Andrey V. Elsukov ported the variant symlinks from DragonFlyBSD to FreeBSD. Variant symlinks are symlinks with variables in them and when you access the symlinks the variables are replaced with their contents. The variables can be set per-process, per-user, or per-system.

An example can be found here and the patchset for CURRENT can be found here. This is not commited yet.

New malloc commited to CURRENT

libc’s malloc(3) implementation has been replaced with Jason Evans’ newer version that should be faster for SMP systems. For now, all debugging, sanity, and statistics gathering options are enabled in order to find any problems. So your programs will run slower and willl have a larger memory footprint until debugging is disabled.

Ruby 1.8.4 testers wanted

The update to Ruby 1.8.4 is pending and testers are wanted. The patch (get it here) requires some testing as the last update (to Ruby 1.8.3) was rolled back due to plist issues. After the 1.8.4 update, Pav Lucistnik wants to phase out Ruby 1.6 support.

Security Advisories

Four security advisories were released (1,2,3,4). The most serious one affects ipfw as ICMP IP fragments can crash the firewall.

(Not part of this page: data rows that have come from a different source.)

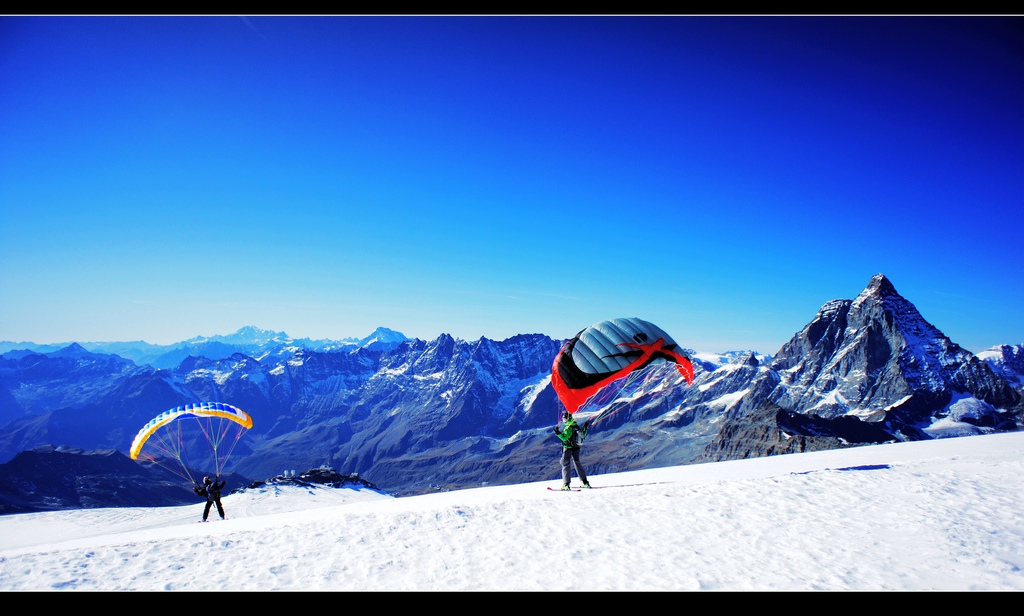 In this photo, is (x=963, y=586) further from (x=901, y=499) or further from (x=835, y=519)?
(x=901, y=499)

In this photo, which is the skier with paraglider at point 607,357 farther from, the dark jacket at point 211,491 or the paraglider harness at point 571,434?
the dark jacket at point 211,491

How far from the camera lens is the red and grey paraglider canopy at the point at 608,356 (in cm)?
2214

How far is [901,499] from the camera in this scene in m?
14.9

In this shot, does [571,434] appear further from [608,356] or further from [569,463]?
[608,356]

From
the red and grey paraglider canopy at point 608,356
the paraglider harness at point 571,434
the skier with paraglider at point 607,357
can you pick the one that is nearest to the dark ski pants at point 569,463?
the paraglider harness at point 571,434

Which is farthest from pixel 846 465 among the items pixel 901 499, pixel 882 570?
pixel 882 570

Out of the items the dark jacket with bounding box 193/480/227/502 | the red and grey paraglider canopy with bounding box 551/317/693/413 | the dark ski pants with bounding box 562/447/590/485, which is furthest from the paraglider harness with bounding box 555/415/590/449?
the dark jacket with bounding box 193/480/227/502

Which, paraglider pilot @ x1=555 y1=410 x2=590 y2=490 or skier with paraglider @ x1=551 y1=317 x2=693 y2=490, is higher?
skier with paraglider @ x1=551 y1=317 x2=693 y2=490

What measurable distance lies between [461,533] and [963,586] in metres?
10.8

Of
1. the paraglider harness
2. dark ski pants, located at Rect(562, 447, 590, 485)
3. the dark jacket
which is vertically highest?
the paraglider harness

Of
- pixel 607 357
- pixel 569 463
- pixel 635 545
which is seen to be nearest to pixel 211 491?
pixel 569 463

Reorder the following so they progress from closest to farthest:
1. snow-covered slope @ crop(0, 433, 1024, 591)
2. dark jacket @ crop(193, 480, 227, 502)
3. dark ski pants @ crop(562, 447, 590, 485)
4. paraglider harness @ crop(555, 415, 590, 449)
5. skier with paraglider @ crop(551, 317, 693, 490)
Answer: snow-covered slope @ crop(0, 433, 1024, 591), dark ski pants @ crop(562, 447, 590, 485), paraglider harness @ crop(555, 415, 590, 449), skier with paraglider @ crop(551, 317, 693, 490), dark jacket @ crop(193, 480, 227, 502)

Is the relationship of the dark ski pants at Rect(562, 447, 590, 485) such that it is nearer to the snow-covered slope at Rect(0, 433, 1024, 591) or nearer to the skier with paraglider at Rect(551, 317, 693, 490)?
the snow-covered slope at Rect(0, 433, 1024, 591)

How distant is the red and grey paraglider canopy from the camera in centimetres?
2214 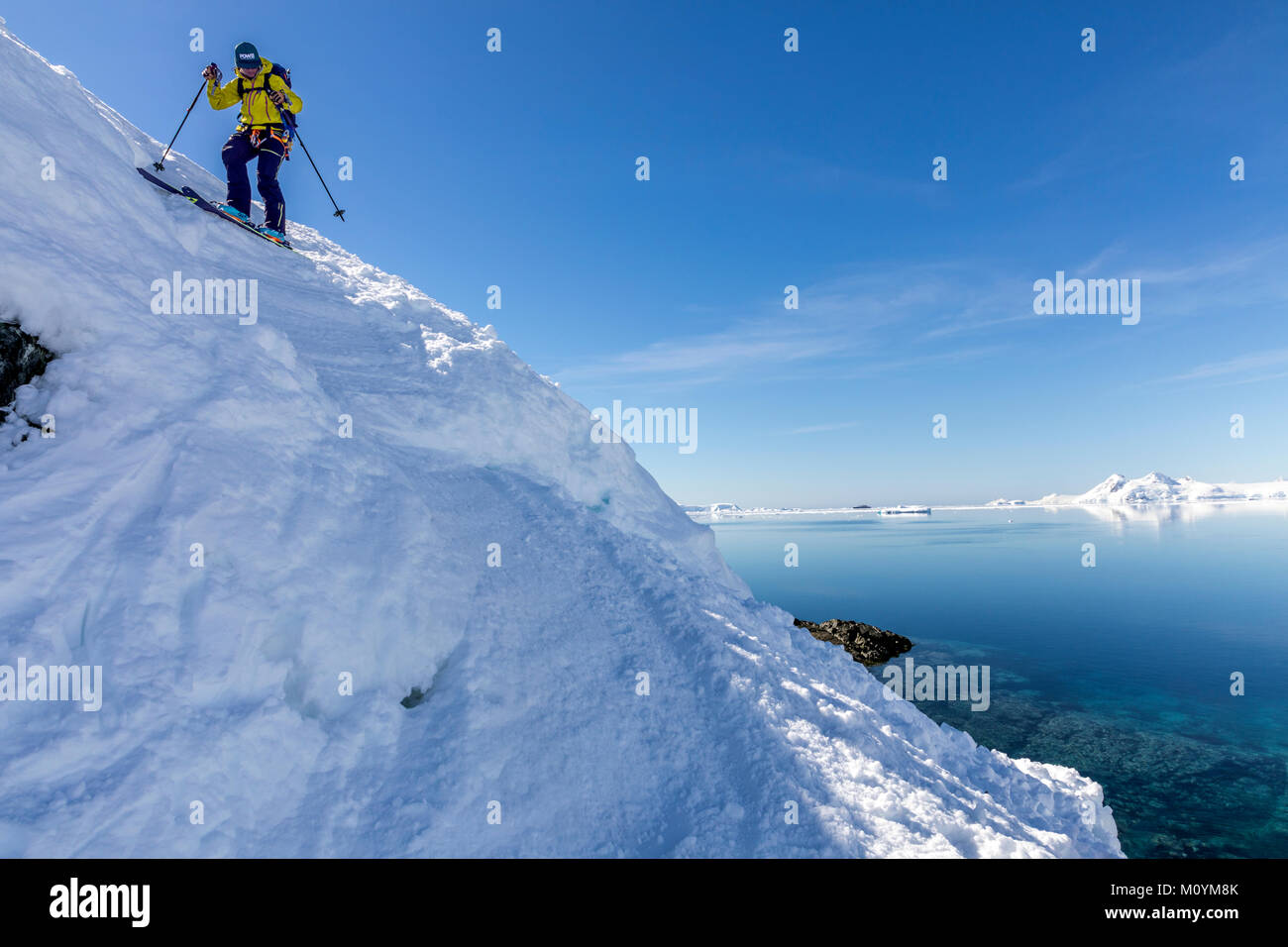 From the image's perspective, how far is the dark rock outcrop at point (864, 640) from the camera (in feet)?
91.5

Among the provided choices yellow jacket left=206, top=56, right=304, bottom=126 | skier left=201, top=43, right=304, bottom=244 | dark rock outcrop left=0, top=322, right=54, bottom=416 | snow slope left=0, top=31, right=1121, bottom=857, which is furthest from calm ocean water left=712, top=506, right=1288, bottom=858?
yellow jacket left=206, top=56, right=304, bottom=126

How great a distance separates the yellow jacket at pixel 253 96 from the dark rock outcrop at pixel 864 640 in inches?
1136

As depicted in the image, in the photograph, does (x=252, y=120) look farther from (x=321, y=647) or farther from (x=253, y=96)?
(x=321, y=647)

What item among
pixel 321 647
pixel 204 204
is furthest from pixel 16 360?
pixel 204 204

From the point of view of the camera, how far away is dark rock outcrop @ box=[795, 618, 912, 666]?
27.9 m

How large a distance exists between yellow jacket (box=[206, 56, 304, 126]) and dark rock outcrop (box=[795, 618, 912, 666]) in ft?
94.7

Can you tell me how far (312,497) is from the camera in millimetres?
6203

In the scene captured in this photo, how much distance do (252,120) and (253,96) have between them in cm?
58

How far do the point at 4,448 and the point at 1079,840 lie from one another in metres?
13.7

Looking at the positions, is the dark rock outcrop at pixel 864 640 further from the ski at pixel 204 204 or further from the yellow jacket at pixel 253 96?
the yellow jacket at pixel 253 96

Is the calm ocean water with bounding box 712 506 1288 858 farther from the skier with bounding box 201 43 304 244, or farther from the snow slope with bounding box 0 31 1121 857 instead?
the skier with bounding box 201 43 304 244

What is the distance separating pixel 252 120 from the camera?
13109 mm

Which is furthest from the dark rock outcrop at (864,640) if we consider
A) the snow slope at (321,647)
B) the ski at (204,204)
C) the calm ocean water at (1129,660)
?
the ski at (204,204) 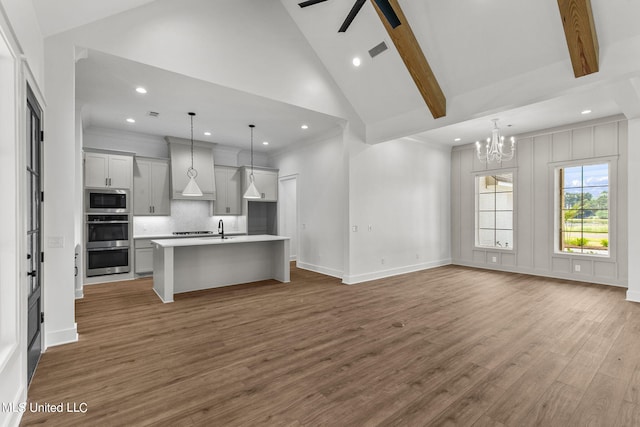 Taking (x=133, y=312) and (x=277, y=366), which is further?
(x=133, y=312)

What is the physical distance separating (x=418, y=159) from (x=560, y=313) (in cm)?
417

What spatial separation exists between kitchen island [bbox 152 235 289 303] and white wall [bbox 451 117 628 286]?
4.80 meters

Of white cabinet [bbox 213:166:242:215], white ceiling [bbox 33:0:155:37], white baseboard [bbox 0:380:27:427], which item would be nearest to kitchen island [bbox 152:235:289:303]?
white cabinet [bbox 213:166:242:215]

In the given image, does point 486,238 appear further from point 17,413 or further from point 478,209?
point 17,413

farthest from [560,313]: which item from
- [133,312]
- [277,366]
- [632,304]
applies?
[133,312]

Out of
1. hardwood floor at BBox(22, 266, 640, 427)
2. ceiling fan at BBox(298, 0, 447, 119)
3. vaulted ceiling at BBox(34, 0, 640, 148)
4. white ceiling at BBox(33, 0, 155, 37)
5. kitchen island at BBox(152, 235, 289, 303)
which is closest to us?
hardwood floor at BBox(22, 266, 640, 427)

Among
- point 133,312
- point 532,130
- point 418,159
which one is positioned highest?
point 532,130

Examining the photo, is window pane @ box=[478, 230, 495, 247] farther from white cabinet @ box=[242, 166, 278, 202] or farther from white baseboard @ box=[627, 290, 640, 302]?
white cabinet @ box=[242, 166, 278, 202]

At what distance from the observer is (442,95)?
4688 mm

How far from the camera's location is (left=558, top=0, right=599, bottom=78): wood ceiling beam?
3000mm

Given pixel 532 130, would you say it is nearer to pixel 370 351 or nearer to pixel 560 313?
pixel 560 313

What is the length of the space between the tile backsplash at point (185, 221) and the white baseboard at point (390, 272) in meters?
3.49

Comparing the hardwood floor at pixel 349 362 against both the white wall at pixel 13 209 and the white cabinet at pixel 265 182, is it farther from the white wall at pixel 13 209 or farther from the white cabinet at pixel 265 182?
the white cabinet at pixel 265 182

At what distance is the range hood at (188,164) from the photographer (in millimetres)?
6770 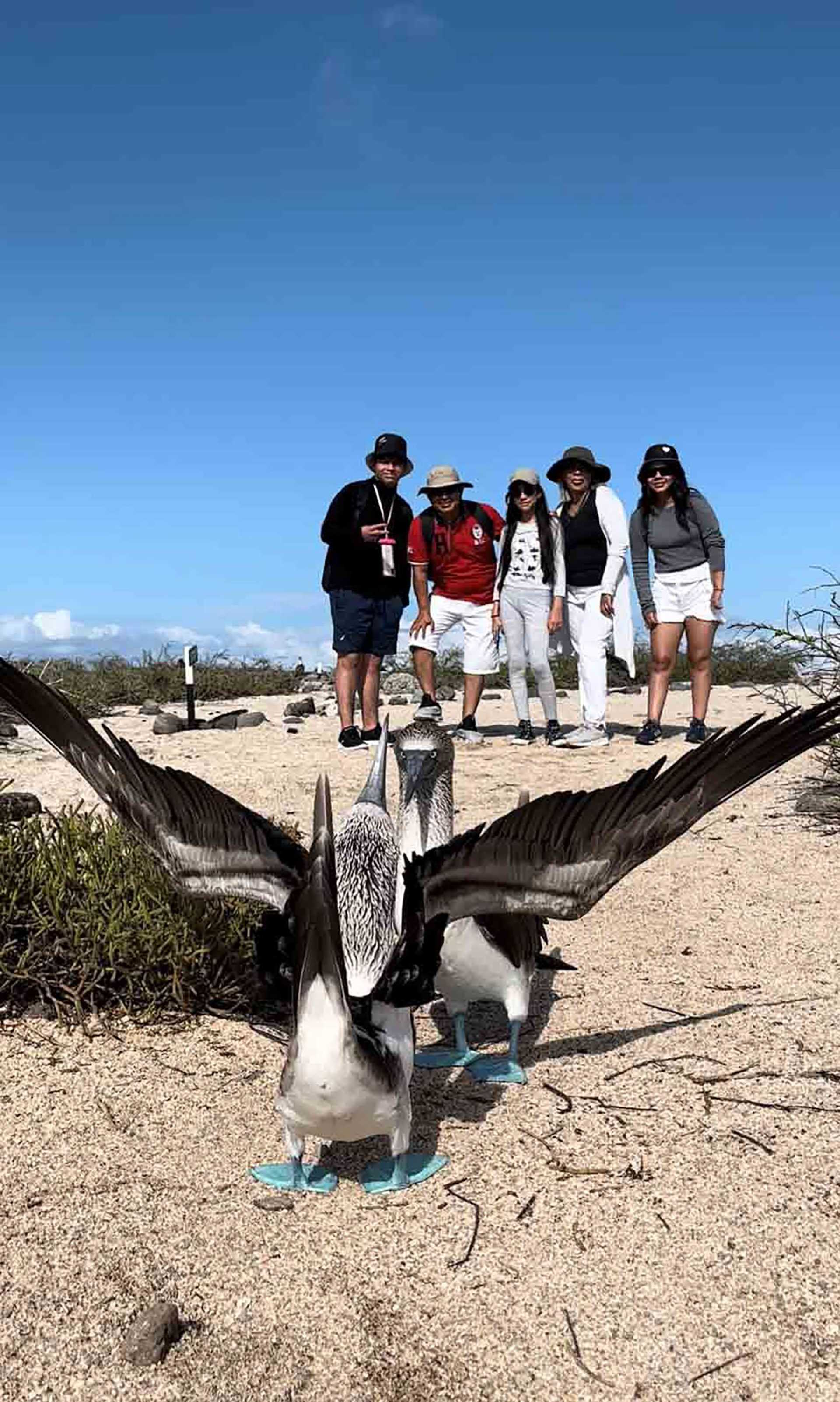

(There are also two security fixes and two reliability fixes for OpenBSD, check the errata for details)

Call for FreeBSD Status Reports

Max Laier called for the FreeBSD status reports. The reports are due on January 20th and the report will be published shortly afterwards.

UPDATE:
Ruby 1.8.4 is now in the tree.

UPDATE 2:
There is another security advisory for FreeBSD about a IEEE 802.11 buffer overflow. Details here.